### Required work
Write out all the data verbatim. Skip images.

### Collected data

Content starts

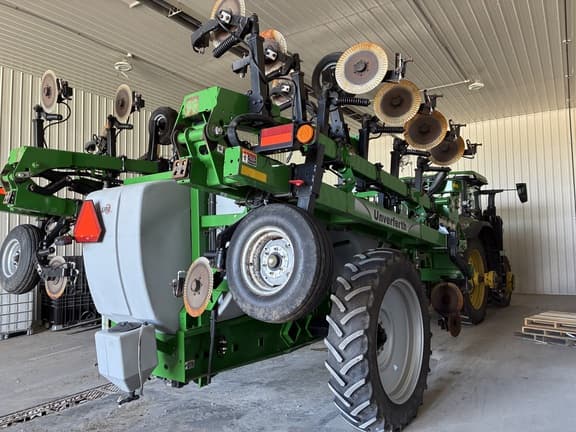Image of Unverferth Nutrimax 1800 equipment image 2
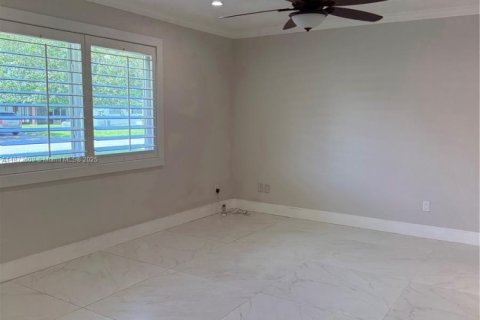 House in Palmetto Bay, Florida 4 bedrooms, 195.37 sq.m. № 1979931 - photo 17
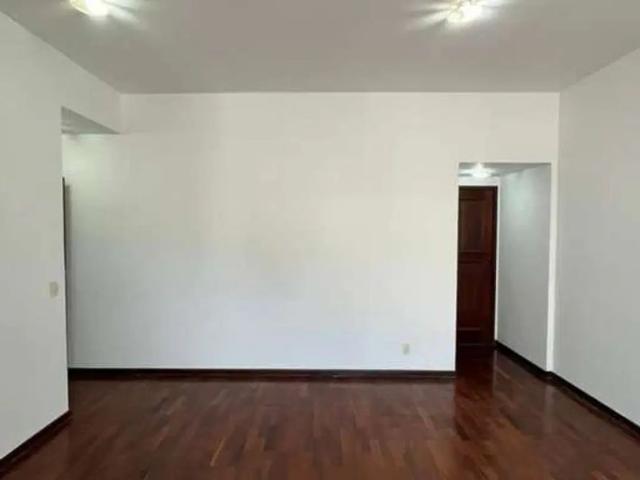 Apartamento com 3 quartos para alugar na Rua das Laranjeiras, 361, Laranjeiras, Rio de Janeiro por R$ 5.500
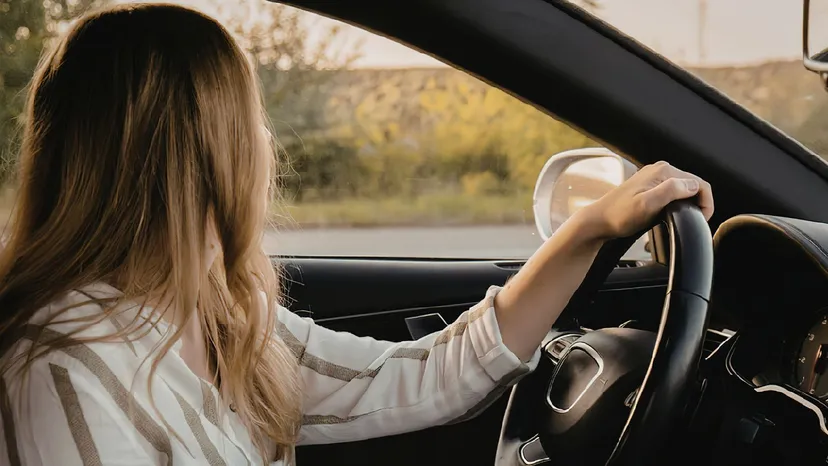 Sprzedałeś auto? Fiskus może upomnieć się o pieniądze nawet po kilku miesiącach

Content ends

### Your solution
Image of Unverferth Nutrimax 1800 equipment image 2
 House in Palmetto Bay, Florida 4 bedrooms, 195.37 sq.m. № 1979931 - photo 17
 Apartamento com 3 quartos para alugar na Rua das Laranjeiras, 361, Laranjeiras, Rio de Janeiro por R$ 5.500
 Sprzedałeś auto? Fiskus może upomnieć się o pieniądze nawet po kilku miesiącach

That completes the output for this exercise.